Supplied entries below:

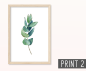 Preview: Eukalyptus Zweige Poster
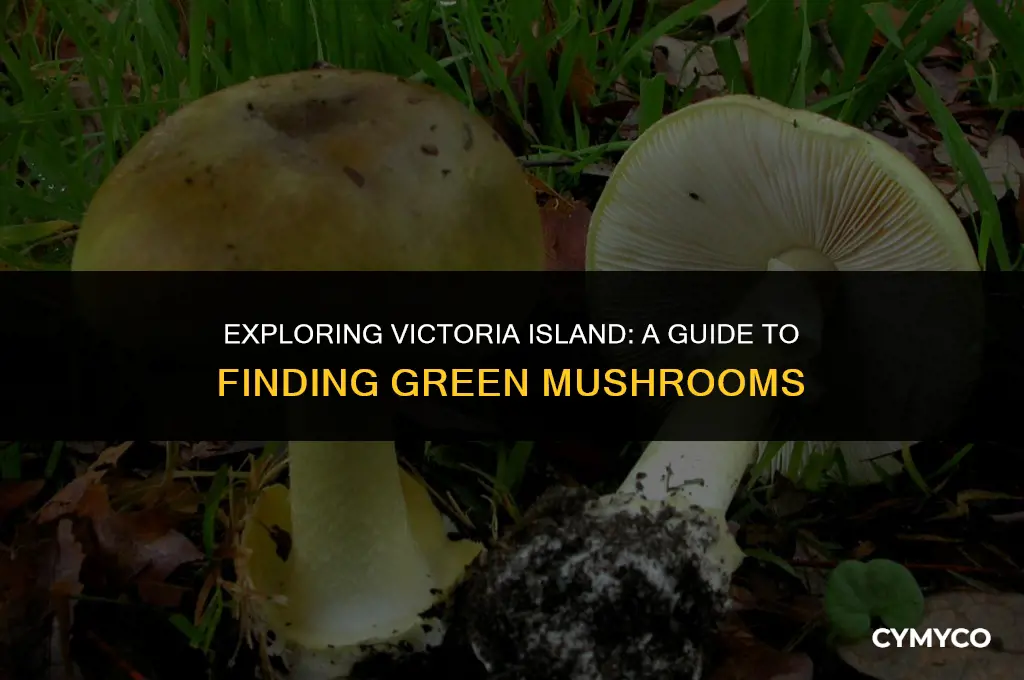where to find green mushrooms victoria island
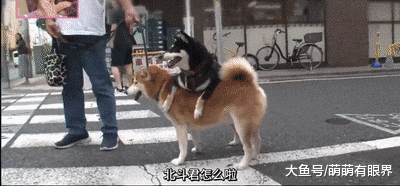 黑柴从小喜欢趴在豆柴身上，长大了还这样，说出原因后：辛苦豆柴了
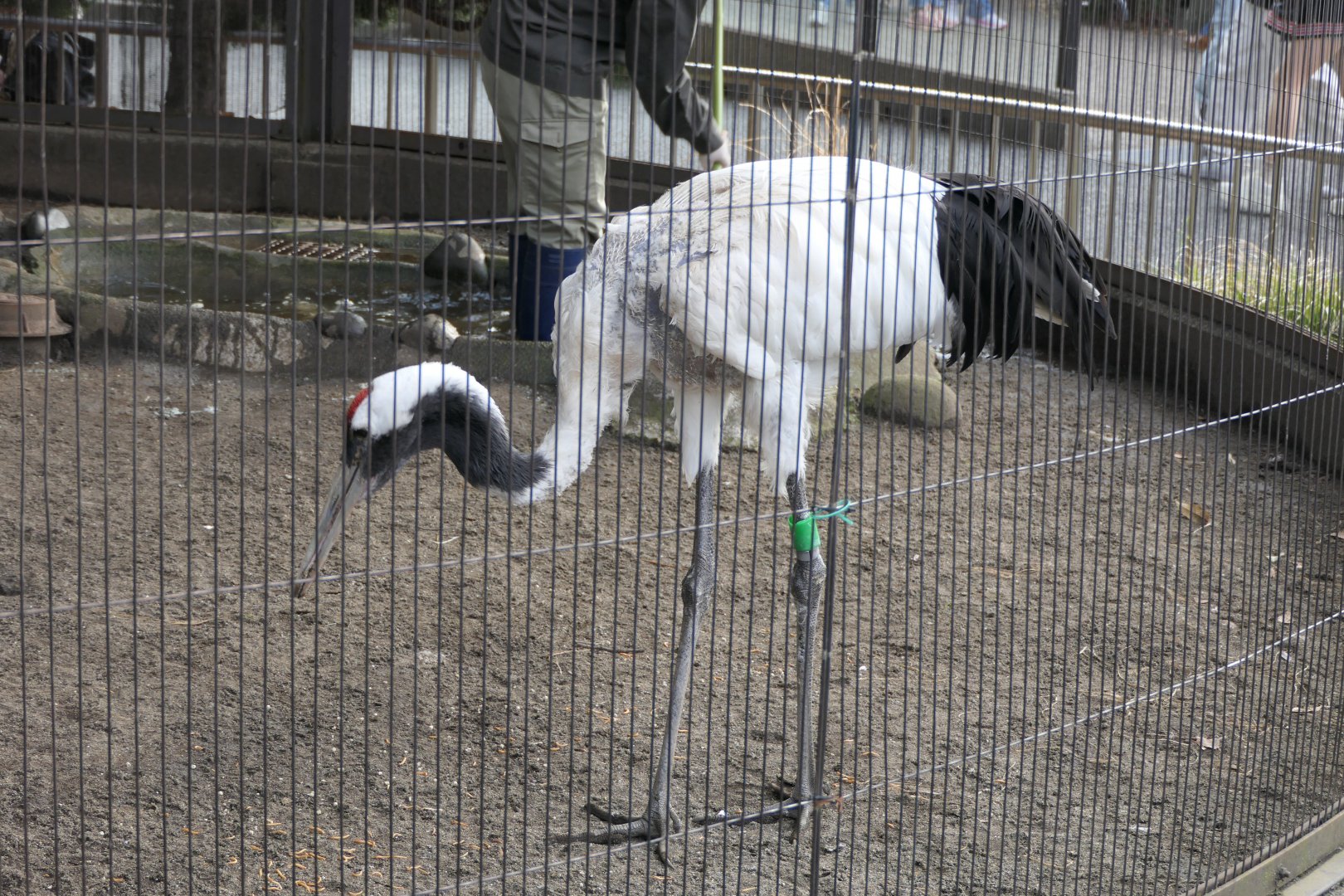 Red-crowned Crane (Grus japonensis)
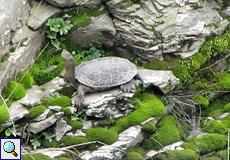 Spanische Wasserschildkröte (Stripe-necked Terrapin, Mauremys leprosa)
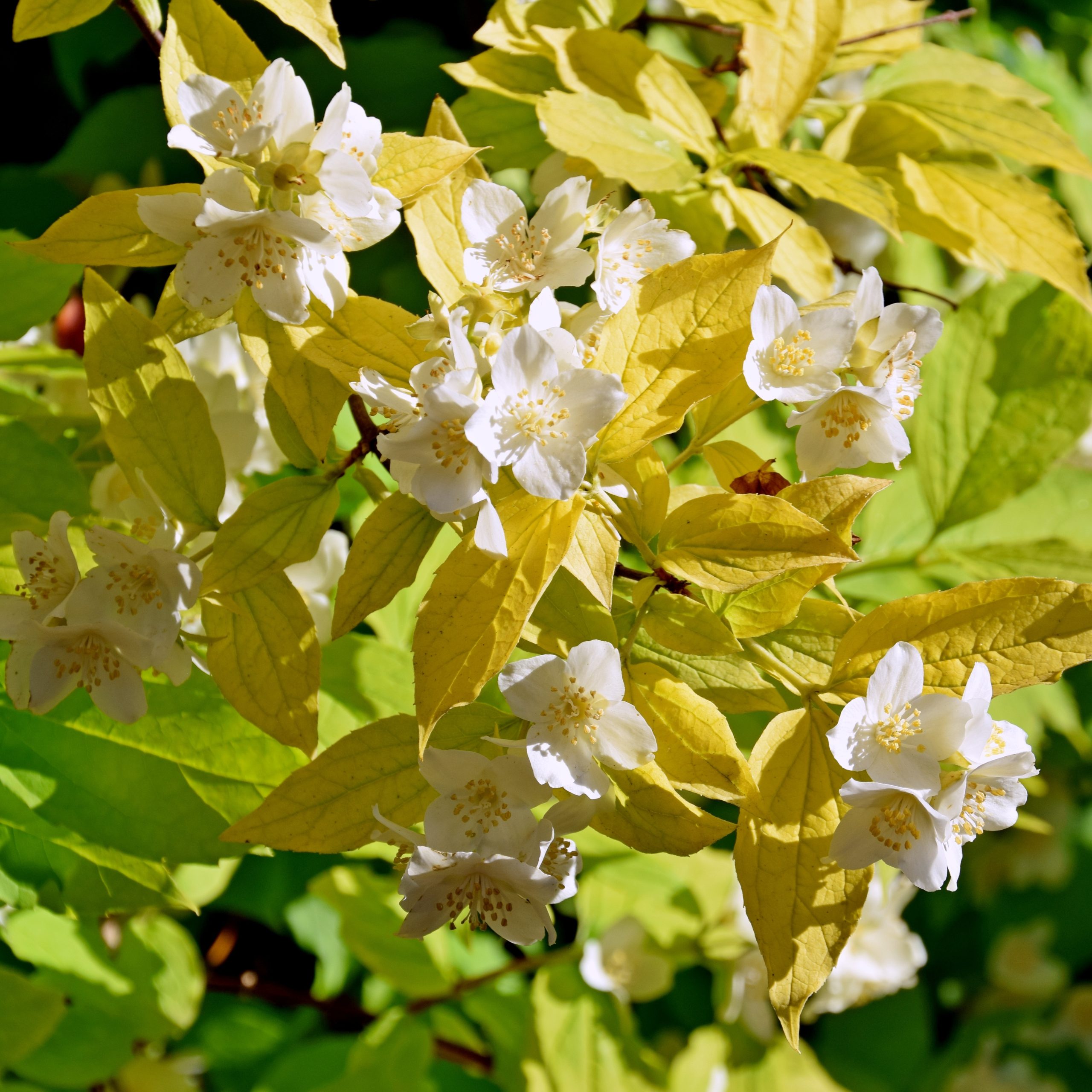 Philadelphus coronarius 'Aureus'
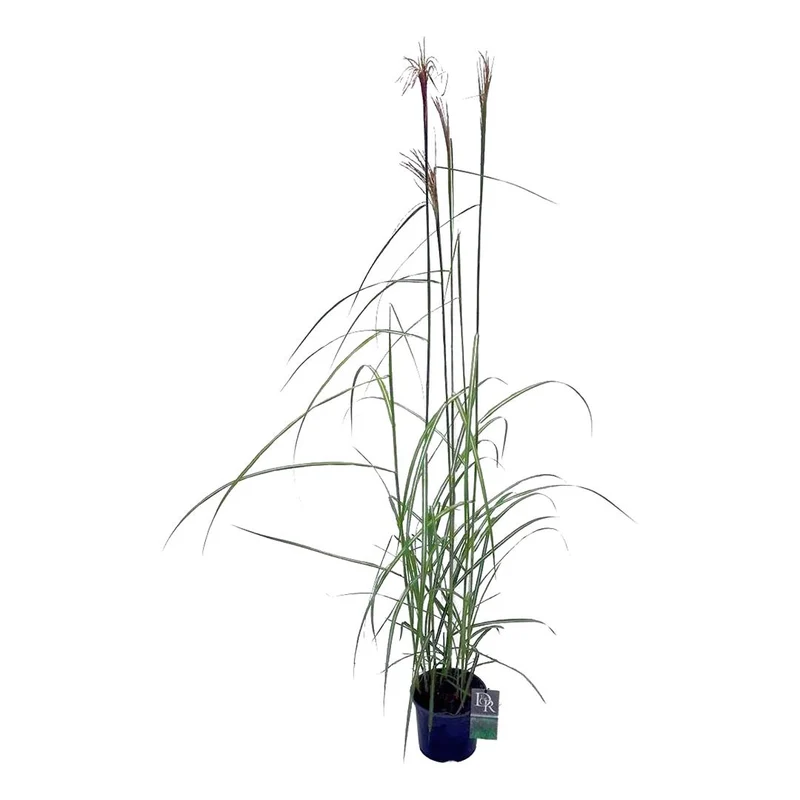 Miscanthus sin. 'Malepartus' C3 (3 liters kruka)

End of Supplied entries.

### Problem requirements
Exclude the pictures, and transcribe all of the material exactly.

### Exercise output
 Preview: Eukalyptus Zweige Poster
where to find green mushrooms victoria island
 黑柴从小喜欢趴在豆柴身上，长大了还这样，说出原因后：辛苦豆柴了
 Red-crowned Crane (Grus japonensis)
 Spanische Wasserschildkröte (Stripe-necked Terrapin, Mauremys leprosa)
 Philadelphus coronarius 'Aureus'
 Miscanthus sin. 'Malepartus' C3 (3 liters kruka)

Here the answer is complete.